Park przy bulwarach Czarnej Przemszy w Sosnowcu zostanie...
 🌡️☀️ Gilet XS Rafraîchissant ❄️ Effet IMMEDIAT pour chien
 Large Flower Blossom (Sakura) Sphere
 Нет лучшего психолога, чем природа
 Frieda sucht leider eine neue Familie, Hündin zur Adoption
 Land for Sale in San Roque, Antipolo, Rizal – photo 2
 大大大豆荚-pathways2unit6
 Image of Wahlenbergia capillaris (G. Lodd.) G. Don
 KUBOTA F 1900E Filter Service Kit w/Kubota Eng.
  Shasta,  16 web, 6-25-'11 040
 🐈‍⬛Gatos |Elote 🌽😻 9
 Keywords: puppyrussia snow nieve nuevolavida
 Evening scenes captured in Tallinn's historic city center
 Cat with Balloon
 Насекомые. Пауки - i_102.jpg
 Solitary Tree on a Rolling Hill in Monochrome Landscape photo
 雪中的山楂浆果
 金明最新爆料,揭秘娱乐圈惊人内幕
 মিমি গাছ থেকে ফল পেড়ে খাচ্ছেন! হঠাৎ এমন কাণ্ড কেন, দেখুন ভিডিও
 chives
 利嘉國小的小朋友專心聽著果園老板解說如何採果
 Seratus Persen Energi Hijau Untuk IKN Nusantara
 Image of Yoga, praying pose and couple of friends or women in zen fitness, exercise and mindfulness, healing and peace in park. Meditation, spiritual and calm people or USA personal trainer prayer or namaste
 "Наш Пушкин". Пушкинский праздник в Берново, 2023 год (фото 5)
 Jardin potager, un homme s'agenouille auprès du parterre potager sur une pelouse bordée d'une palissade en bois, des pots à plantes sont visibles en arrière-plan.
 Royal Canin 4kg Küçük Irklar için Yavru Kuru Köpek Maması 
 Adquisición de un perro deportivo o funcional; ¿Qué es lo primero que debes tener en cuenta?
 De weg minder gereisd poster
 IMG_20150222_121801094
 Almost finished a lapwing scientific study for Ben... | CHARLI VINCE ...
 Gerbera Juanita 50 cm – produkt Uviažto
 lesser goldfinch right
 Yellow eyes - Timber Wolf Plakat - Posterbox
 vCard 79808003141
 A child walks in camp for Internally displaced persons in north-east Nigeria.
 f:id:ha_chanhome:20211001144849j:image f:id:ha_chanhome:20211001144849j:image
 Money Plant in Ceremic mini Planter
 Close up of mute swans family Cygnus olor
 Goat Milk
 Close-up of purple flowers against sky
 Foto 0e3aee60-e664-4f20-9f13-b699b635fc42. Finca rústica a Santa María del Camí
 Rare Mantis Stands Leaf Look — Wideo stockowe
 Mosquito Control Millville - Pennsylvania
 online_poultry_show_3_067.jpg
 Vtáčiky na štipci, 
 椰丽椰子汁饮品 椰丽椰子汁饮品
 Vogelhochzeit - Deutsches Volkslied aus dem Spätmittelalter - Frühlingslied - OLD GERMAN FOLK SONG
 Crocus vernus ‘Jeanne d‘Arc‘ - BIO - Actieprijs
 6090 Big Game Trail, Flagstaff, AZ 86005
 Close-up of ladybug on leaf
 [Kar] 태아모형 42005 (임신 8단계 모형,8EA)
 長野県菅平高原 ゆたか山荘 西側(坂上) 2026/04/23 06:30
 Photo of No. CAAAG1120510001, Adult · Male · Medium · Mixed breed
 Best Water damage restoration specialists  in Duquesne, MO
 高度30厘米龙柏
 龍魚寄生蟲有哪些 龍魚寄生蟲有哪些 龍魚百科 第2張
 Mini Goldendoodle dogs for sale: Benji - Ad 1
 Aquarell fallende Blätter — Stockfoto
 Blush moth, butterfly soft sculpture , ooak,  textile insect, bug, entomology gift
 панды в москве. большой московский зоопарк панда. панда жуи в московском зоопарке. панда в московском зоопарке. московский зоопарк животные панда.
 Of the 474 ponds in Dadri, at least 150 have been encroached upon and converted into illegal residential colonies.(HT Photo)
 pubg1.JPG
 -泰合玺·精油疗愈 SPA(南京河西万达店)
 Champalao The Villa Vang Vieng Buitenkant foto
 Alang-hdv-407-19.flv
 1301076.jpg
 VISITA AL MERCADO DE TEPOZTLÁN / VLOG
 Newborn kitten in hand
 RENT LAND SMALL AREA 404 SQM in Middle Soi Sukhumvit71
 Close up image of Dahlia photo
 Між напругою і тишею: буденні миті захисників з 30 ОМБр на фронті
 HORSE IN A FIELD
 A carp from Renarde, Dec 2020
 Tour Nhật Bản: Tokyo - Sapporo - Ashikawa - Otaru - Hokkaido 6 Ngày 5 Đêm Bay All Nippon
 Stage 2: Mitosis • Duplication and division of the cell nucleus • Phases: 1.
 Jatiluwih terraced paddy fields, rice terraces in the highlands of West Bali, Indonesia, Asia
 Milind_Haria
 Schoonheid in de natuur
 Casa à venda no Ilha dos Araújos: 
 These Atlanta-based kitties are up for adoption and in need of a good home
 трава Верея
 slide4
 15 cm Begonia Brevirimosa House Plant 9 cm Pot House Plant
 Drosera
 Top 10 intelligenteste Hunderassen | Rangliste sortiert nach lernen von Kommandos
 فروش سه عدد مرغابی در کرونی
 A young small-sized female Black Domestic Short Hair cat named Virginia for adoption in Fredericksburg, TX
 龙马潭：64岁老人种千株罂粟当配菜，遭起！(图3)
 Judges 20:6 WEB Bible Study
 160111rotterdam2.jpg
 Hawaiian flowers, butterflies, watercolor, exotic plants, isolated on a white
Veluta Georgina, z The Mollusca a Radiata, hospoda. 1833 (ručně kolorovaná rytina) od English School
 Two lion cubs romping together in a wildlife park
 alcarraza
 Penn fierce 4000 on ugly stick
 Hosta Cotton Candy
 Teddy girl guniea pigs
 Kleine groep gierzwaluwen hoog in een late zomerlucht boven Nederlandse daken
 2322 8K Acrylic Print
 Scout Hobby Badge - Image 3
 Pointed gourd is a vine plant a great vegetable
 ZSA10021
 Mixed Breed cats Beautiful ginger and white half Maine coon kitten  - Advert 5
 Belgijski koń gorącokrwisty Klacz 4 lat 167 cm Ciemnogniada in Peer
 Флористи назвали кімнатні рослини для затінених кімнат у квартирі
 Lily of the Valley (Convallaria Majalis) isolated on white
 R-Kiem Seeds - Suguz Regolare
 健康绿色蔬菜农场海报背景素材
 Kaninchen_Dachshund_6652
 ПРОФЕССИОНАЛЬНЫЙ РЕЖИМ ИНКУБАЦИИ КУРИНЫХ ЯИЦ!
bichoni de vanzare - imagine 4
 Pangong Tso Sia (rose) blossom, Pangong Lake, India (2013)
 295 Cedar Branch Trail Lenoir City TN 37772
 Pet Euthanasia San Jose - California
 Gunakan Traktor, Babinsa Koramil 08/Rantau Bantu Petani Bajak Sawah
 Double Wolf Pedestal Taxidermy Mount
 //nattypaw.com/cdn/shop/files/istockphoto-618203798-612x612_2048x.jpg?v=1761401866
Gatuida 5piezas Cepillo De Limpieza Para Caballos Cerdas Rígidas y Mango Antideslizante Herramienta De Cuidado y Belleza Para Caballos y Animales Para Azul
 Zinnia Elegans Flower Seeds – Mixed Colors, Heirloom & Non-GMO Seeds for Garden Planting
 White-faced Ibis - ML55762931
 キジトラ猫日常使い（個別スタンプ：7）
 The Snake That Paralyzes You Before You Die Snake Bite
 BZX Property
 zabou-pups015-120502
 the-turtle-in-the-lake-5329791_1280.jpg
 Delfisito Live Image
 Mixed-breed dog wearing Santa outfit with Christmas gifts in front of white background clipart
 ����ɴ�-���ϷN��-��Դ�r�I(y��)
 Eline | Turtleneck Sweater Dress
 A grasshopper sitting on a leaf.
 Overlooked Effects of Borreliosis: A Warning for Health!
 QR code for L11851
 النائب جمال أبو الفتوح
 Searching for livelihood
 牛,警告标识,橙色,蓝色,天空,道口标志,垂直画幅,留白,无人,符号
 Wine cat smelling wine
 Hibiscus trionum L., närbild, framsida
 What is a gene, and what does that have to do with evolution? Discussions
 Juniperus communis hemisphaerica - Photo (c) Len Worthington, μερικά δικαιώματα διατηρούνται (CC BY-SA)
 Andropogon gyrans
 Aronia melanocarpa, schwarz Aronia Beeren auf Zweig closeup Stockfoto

-----

- [Task] Start with the line above that contains "Vogelhochzeit - Deutsches" and stop after the line that contains "فروش سه عدد مرغابی در کرونی". Output those lines exactly, and only those.

- [Final answer]
 Vogelhochzeit - Deutsches Volkslied aus dem Spätmittelalter - Frühlingslied - OLD GERMAN FOLK SONG
 Crocus vernus ‘Jeanne d‘Arc‘ - BIO - Actieprijs
 6090 Big Game Trail, Flagstaff, AZ 86005
 Close-up of ladybug on leaf
 [Kar] 태아모형 42005 (임신 8단계 모형,8EA)
 長野県菅平高原 ゆたか山荘 西側(坂上) 2026/04/23 06:30
 Photo of No. CAAAG1120510001, Adult · Male · Medium · Mixed breed
 Best Water damage restoration specialists  in Duquesne, MO
 高度30厘米龙柏
 龍魚寄生蟲有哪些 龍魚寄生蟲有哪些 龍魚百科 第2張
 Mini Goldendoodle dogs for sale: Benji - Ad 1
 Aquarell fallende Blätter — Stockfoto
 Blush moth, butterfly soft sculpture , ooak,  textile insect, bug, entomology gift
 панды в москве. большой московский зоопарк панда. панда жуи в московском зоопарке. панда в московском зоопарке. московский зоопарк животные панда.
 Of the 474 ponds in Dadri, at least 150 have been encroached upon and converted into illegal residential colonies.(HT Photo)
 pubg1.JPG
 -泰合玺·精油疗愈 SPA(南京河西万达店)
 Champalao The Villa Vang Vieng Buitenkant foto
 Alang-hdv-407-19.flv
 1301076.jpg
 VISITA AL MERCADO DE TEPOZTLÁN / VLOG
 Newborn kitten in hand
 RENT LAND SMALL AREA 404 SQM in Middle Soi Sukhumvit71
 Close up image of Dahlia photo
 Між напругою і тишею: буденні миті захисників з 30 ОМБр на фронті
 HORSE IN A FIELD
 A carp from Renarde, Dec 2020
 Tour Nhật Bản: Tokyo - Sapporo - Ashikawa - Otaru - Hokkaido 6 Ngày 5 Đêm Bay All Nippon
 Stage 2: Mitosis • Duplication and division of the cell nucleus • Phases: 1.
 Jatiluwih terraced paddy fields, rice terraces in the highlands of West Bali, Indonesia, Asia
 Milind_Haria
 Schoonheid in de natuur
 Casa à venda no Ilha dos Araújos: 
 These Atlanta-based kitties are up for adoption and in need of a good home
 трава Верея
 slide4
 15 cm Begonia Brevirimosa House Plant 9 cm Pot House Plant
 Drosera
 Top 10 intelligenteste Hunderassen | Rangliste sortiert nach lernen von Kommandos
 فروش سه عدد مرغابی در کرونی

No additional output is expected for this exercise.